_Records supplied_:
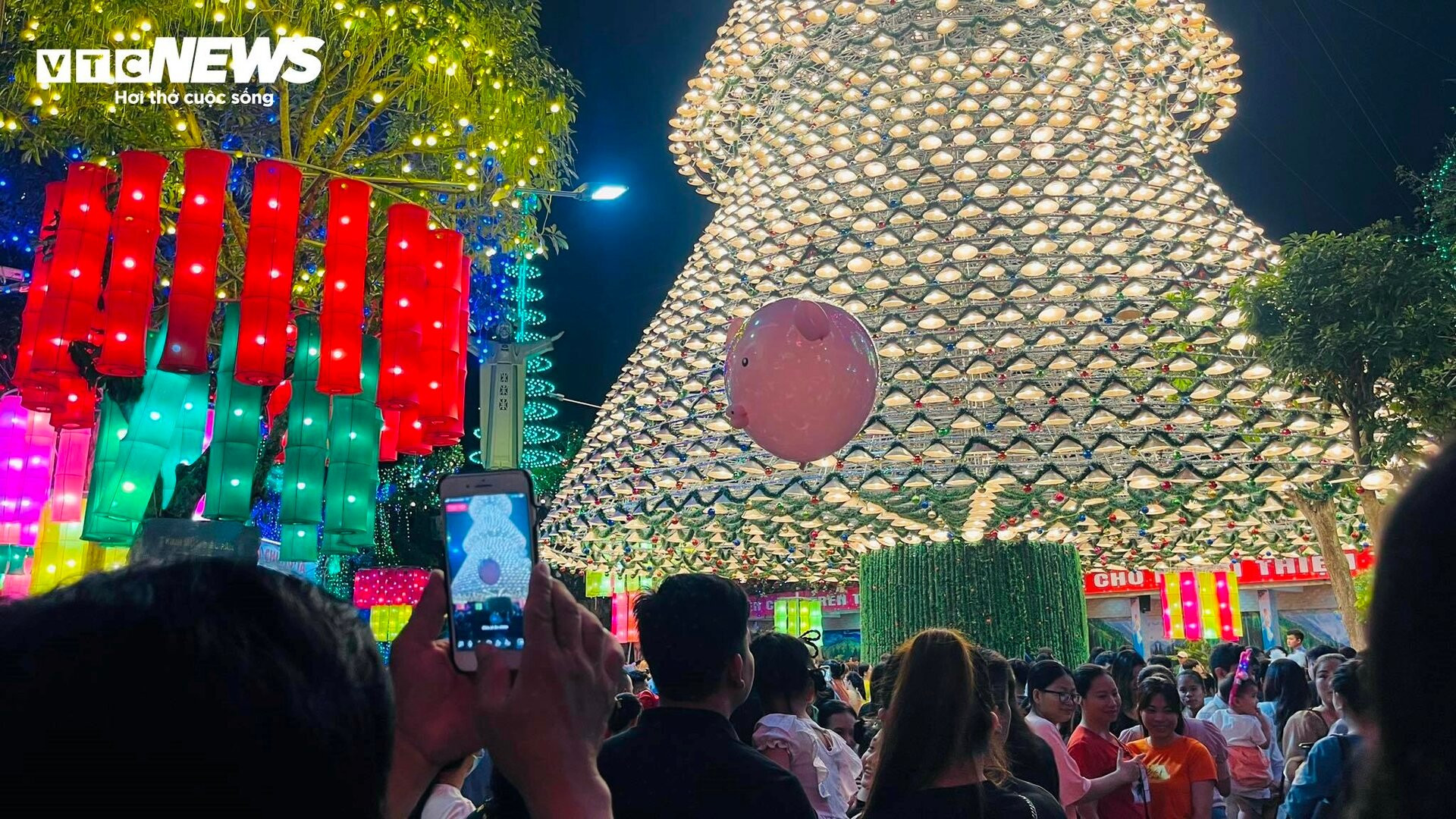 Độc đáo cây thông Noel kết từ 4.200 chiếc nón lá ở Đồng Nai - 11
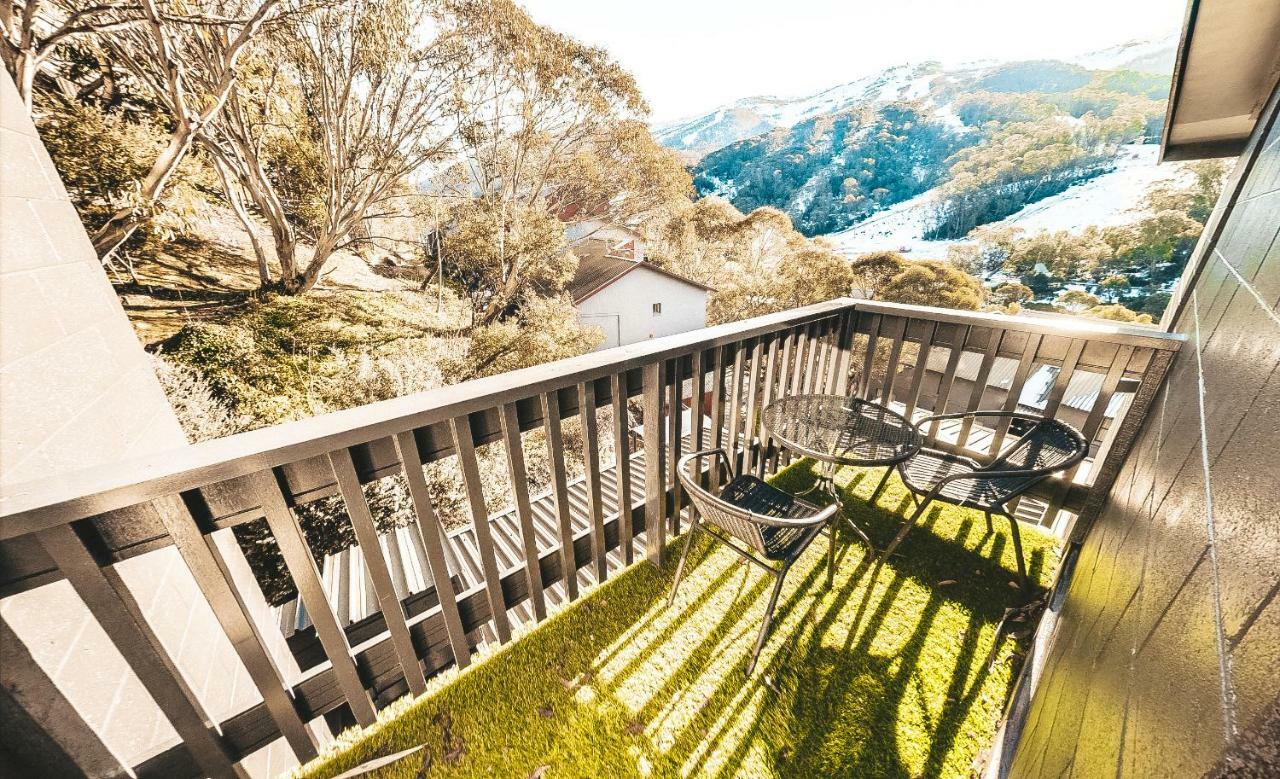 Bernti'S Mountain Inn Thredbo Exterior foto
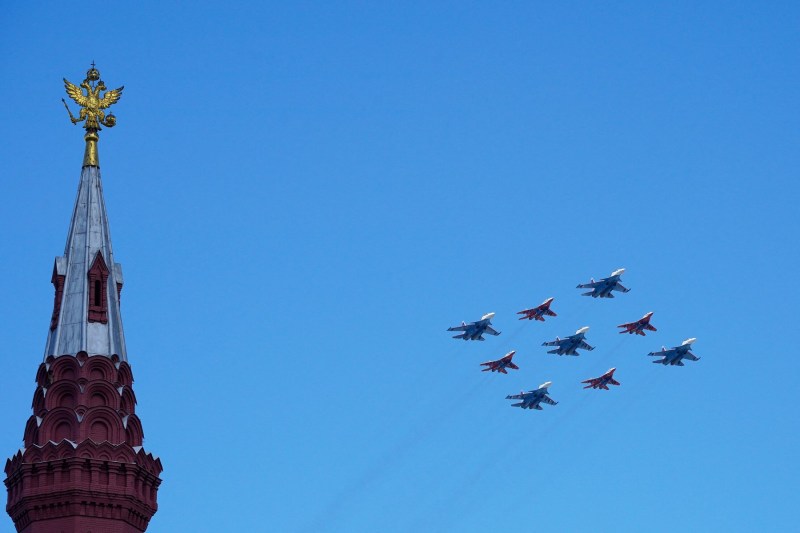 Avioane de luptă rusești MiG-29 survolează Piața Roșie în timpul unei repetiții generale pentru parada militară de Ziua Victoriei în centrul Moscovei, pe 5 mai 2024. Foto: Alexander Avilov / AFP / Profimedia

==

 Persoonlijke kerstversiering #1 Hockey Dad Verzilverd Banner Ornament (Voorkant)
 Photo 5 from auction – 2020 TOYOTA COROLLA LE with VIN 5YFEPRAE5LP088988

--

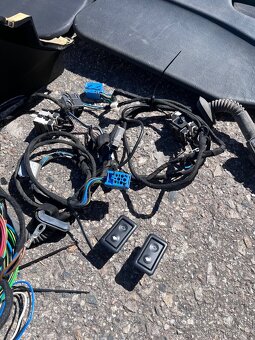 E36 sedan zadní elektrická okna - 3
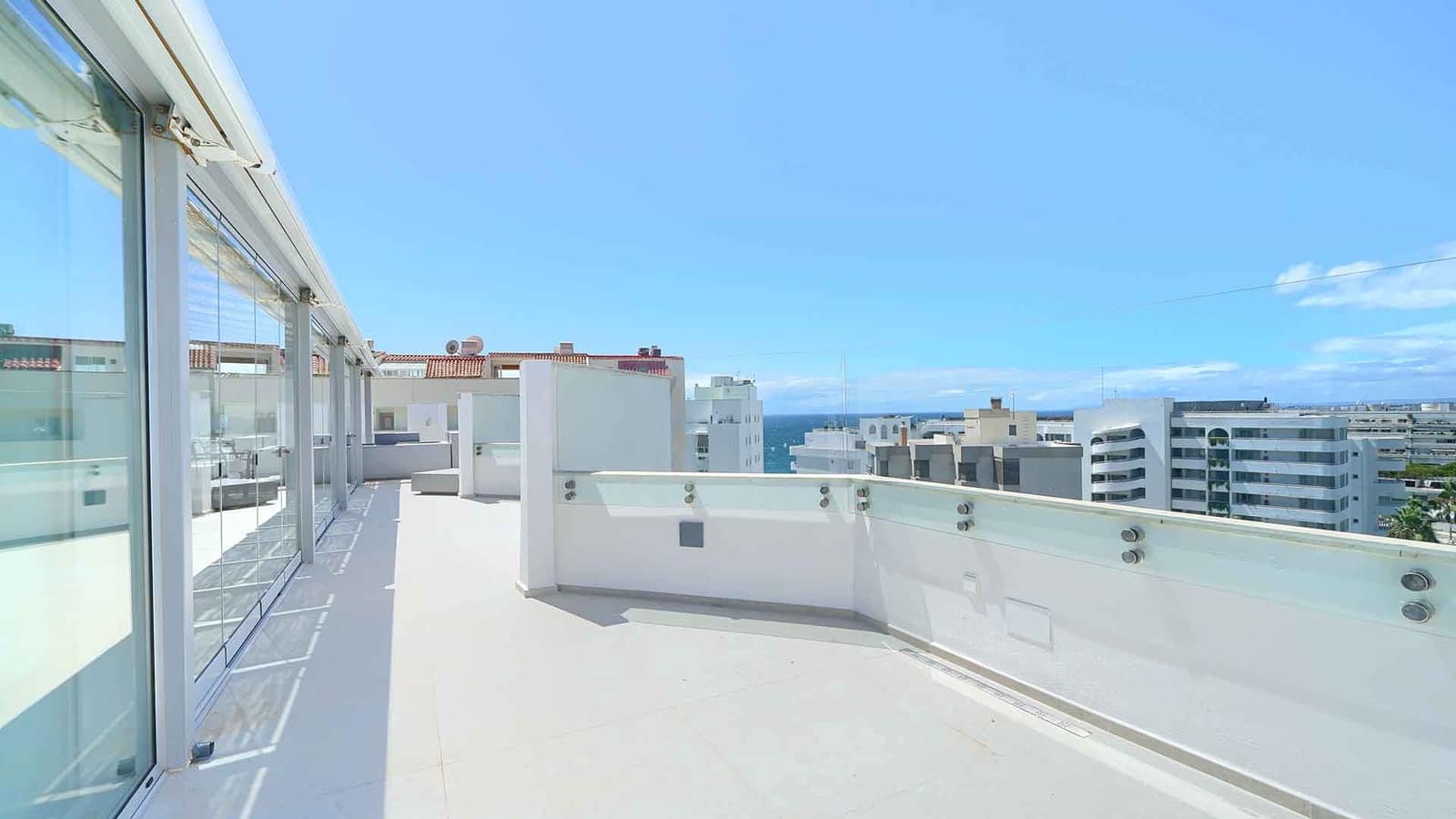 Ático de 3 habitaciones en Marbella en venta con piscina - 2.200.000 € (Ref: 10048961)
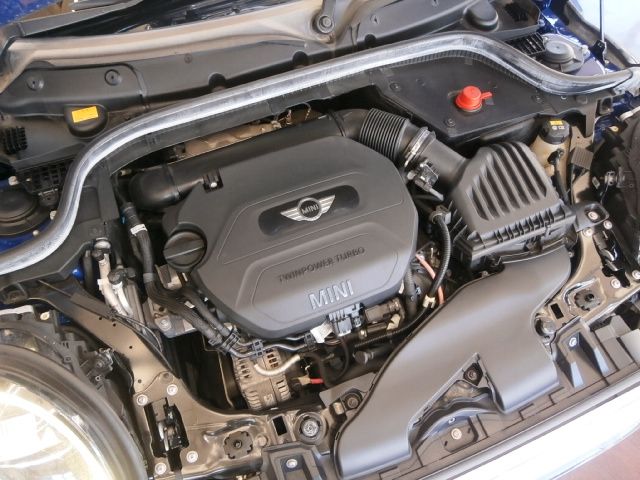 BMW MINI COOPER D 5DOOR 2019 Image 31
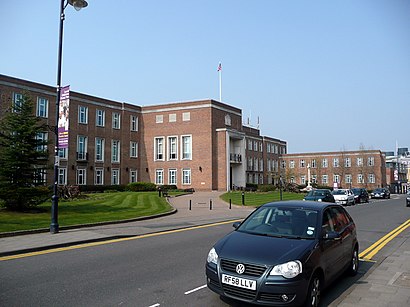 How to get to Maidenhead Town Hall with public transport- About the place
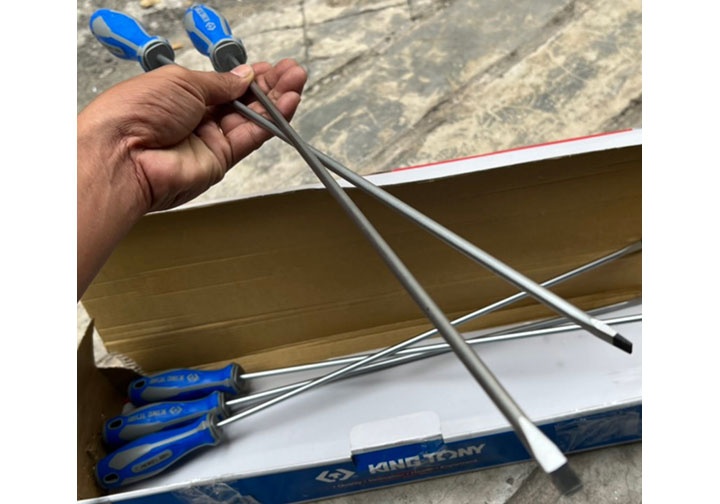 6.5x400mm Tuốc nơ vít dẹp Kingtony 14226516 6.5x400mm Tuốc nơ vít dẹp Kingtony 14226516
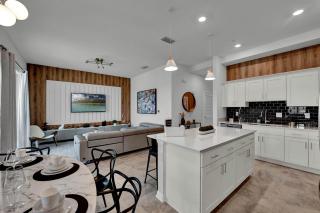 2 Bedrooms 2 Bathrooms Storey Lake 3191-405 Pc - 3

_Task goal_: Within the listing above, the lines from the one with "Độc đáo cây" through the one with "Avioane de luptă" are to be given again word for word. Do not include pictures.

_Answer area_:
 Độc đáo cây thông Noel kết từ 4.200 chiếc nón lá ở Đồng Nai - 11
 Bernti'S Mountain Inn Thredbo Exterior foto
 Avioane de luptă rusești MiG-29 survolează Piața Roșie în timpul unei repetiții generale pentru parada militară de Ziua Victoriei în centrul Moscovei, pe 5 mai 2024. Foto: Alexander Avilov / AFP / Profimedia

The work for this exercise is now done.